◆ How to complete this task ◆
Reproduce from the records below, with no pictures, exactly the lines between the one containing "Retro Bigfoot Sun" and the one containing "Bionic Fly Fishing", inclusive.

◆ Short text fragments from websites ◆

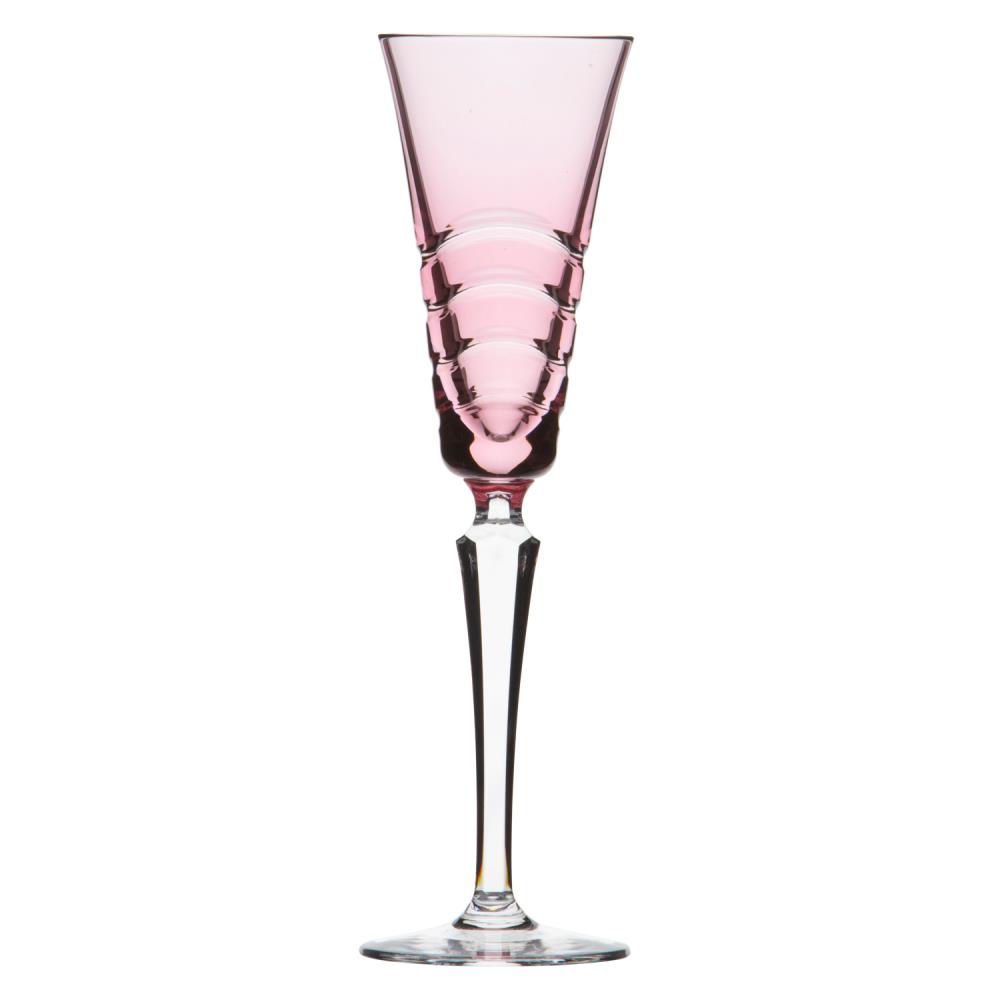 Rosafarbenes Sektglas aus Kristall auf weißem Hintergrund. Der Kelch ist zart rosé getönt und hat ein horizontales Wellenmuster für einzigartige Textur. Ein langer, klarer Stiel führt zu einem runden, stabilen Glasfuß.
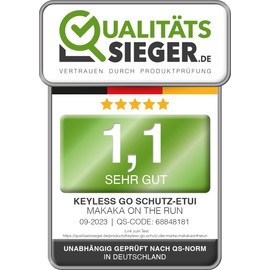 MakakaOnTheRun Keyless Go Car Key Protection: RFID blocker car key case with 2 RFID NFC protected compartments. Protection against radio theft for keyless go (remote key shielding).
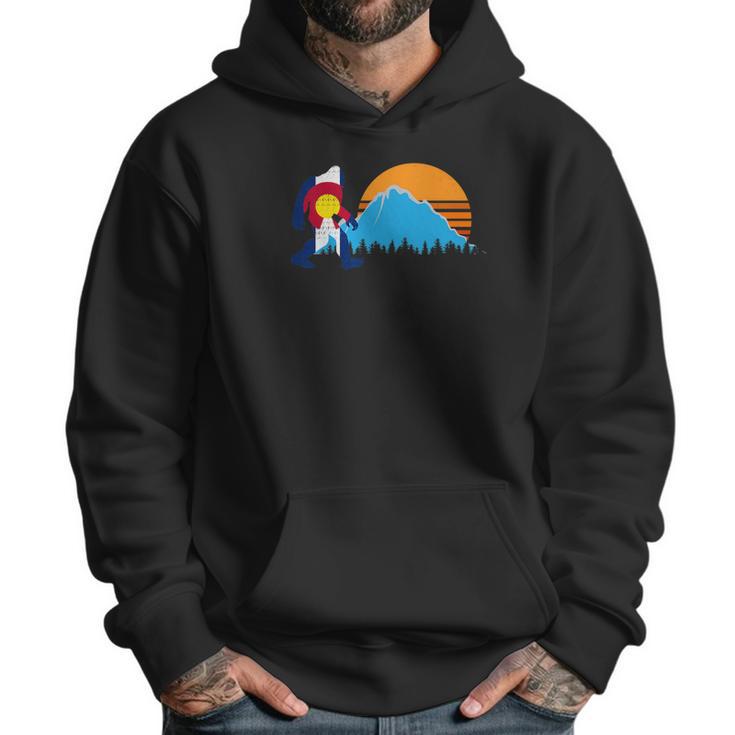 Retro Bigfoot Sun Mountain Colorado State Flag Shirt Gift Men Hoodie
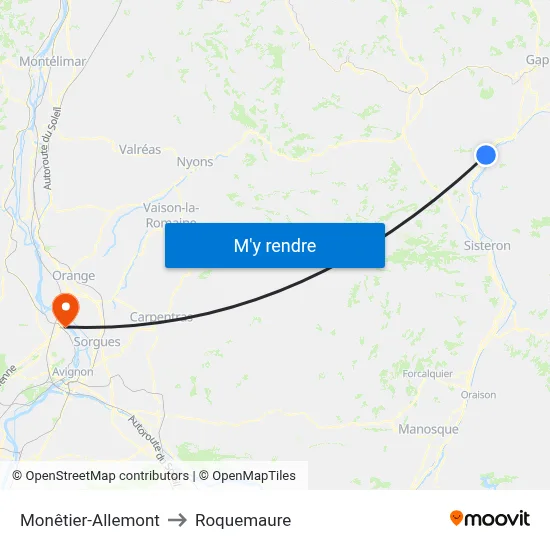 Monêtier-Allemont to Roquemaure map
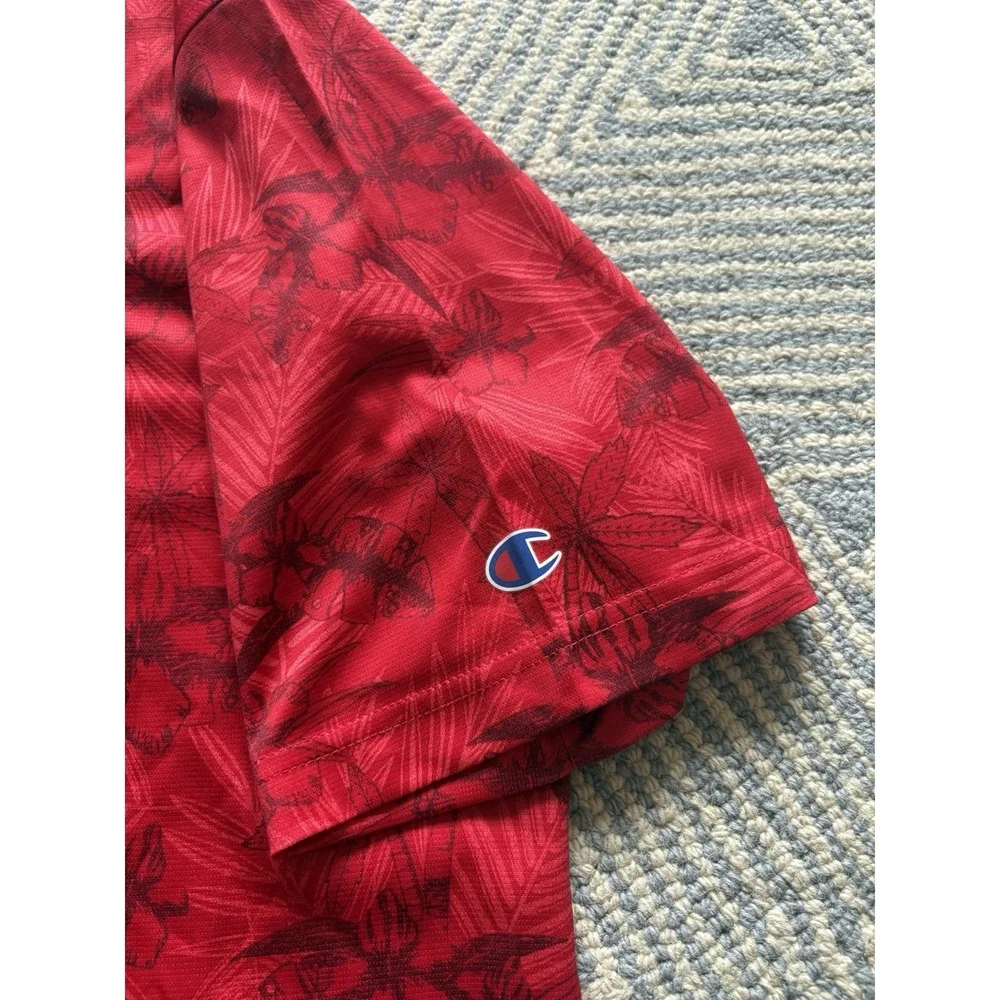Champion University of Maryland‎ Short Sleeve Polyester Hawaiian Polo - Red - XL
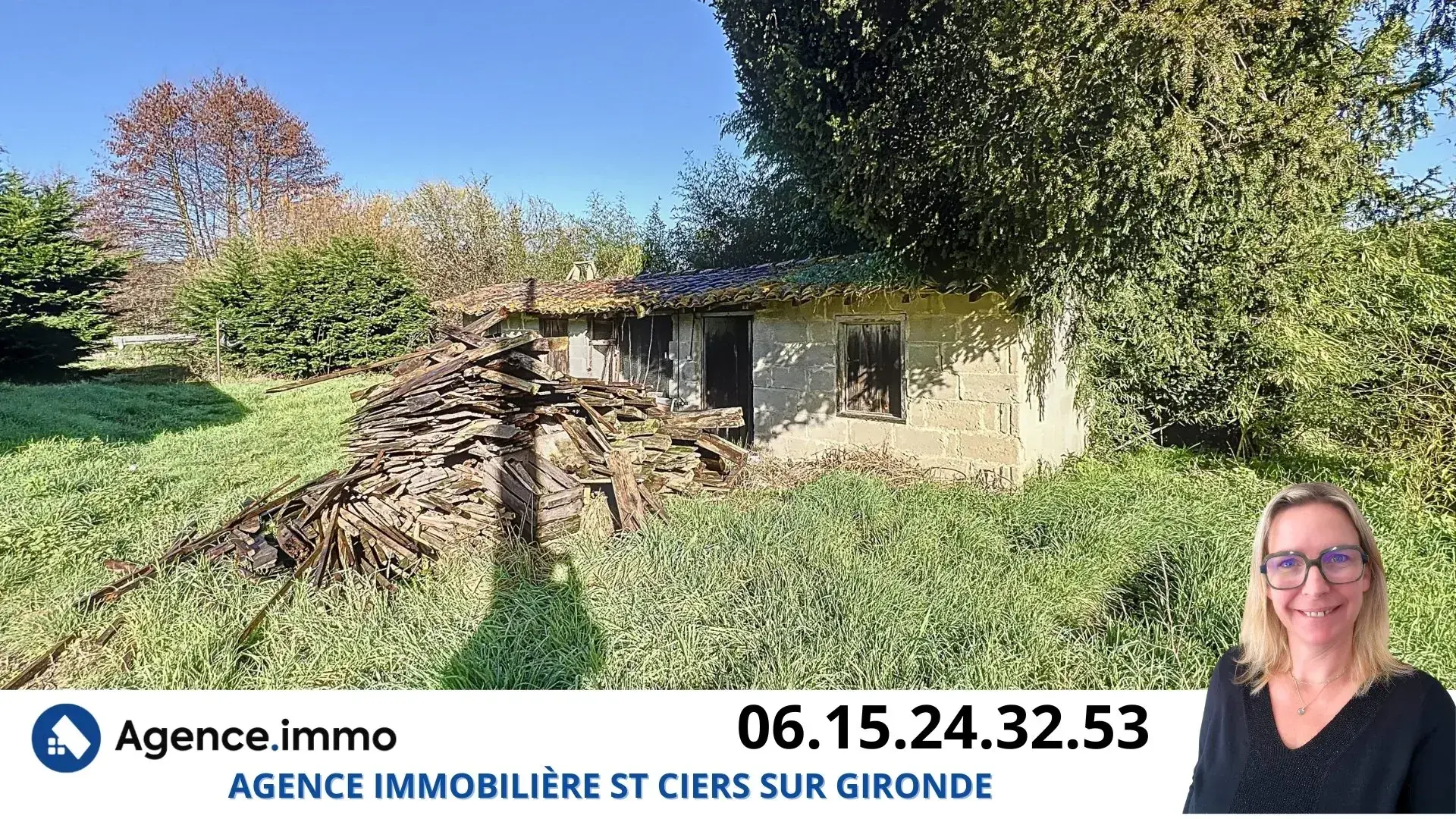 Maison en pierre à rénover à Reignac, cadre bucolique et grand terrain arboré 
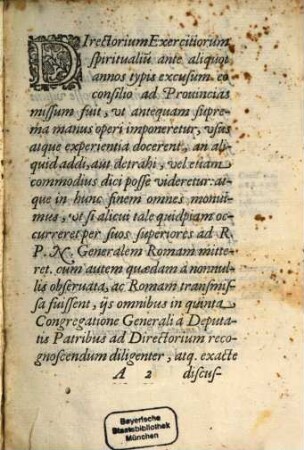 Directorium exercitiorum spiritualium B. R. N. Ignatii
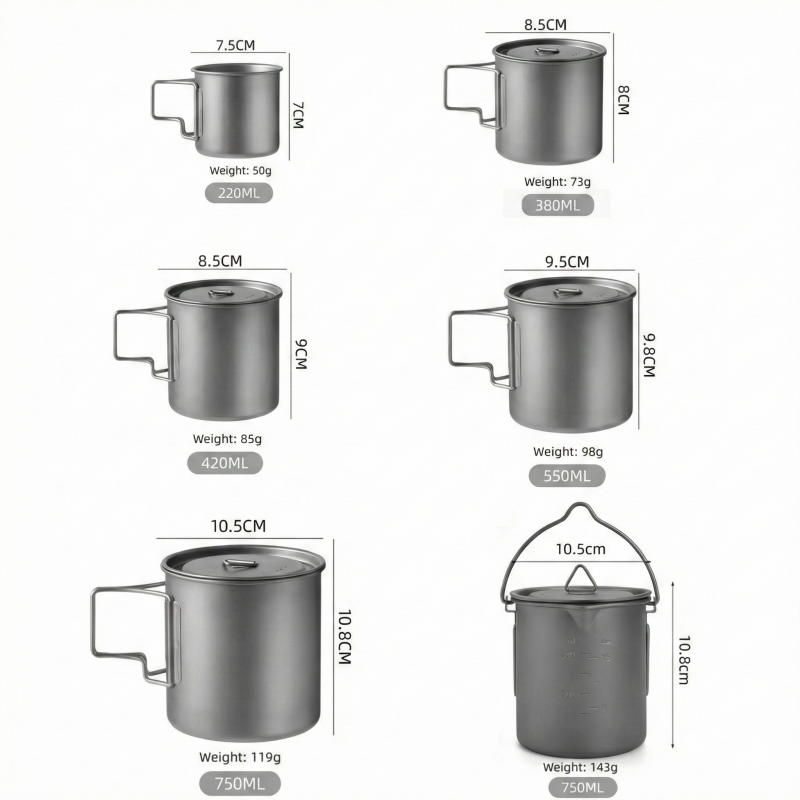 Titanium Camping Mug with Fold - Camping Cooking Set Compact 评论和价格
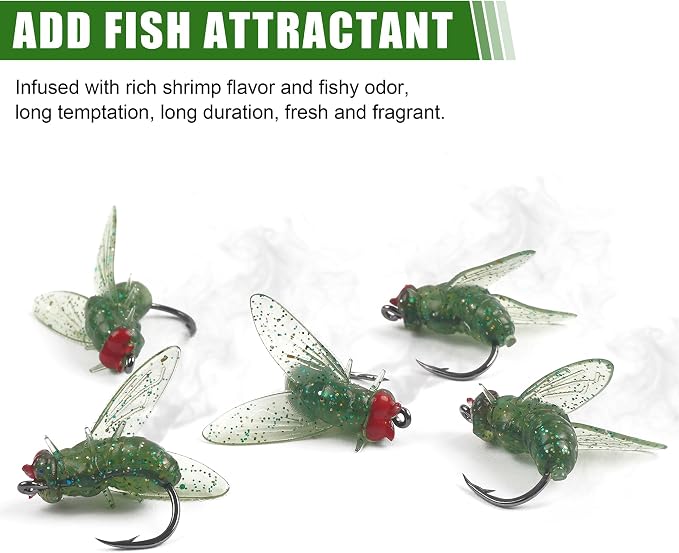 Bionic Fly Fishing Bait,18pcs/36pcs Trout Jig Swimbait Fly Hook Soft Bait Dry Flies Fly Fishing Lures Assortment Kit Attractant Fishing Gear Artificial Fishing Lure Panfish Lure Set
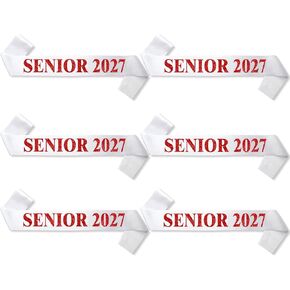 وشاح ساتان أبيض 2023 مع حروف حمراء لامعة - وشاح تخرج 2023 - أخيرًا - وشاح تشجيع كبير - وشاح تشجيع - وشاح المشجعات - وشاح المسابقة in Kuwait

◆ Task response ◆
 Retro Bigfoot Sun Mountain Colorado State Flag Shirt Gift Men Hoodie
 Monêtier-Allemont to Roquemaure map
Champion University of Maryland‎ Short Sleeve Polyester Hawaiian Polo - Red - XL
 Maison en pierre à rénover à Reignac, cadre bucolique et grand terrain arboré 
 Directorium exercitiorum spiritualium B. R. N. Ignatii
 Titanium Camping Mug with Fold - Camping Cooking Set Compact 评论和价格
 Bionic Fly Fishing Bait,18pcs/36pcs Trout Jig Swimbait Fly Hook Soft Bait Dry Flies Fly Fishing Lures Assortment Kit Attractant Fishing Gear Artificial Fishing Lure Panfish Lure Set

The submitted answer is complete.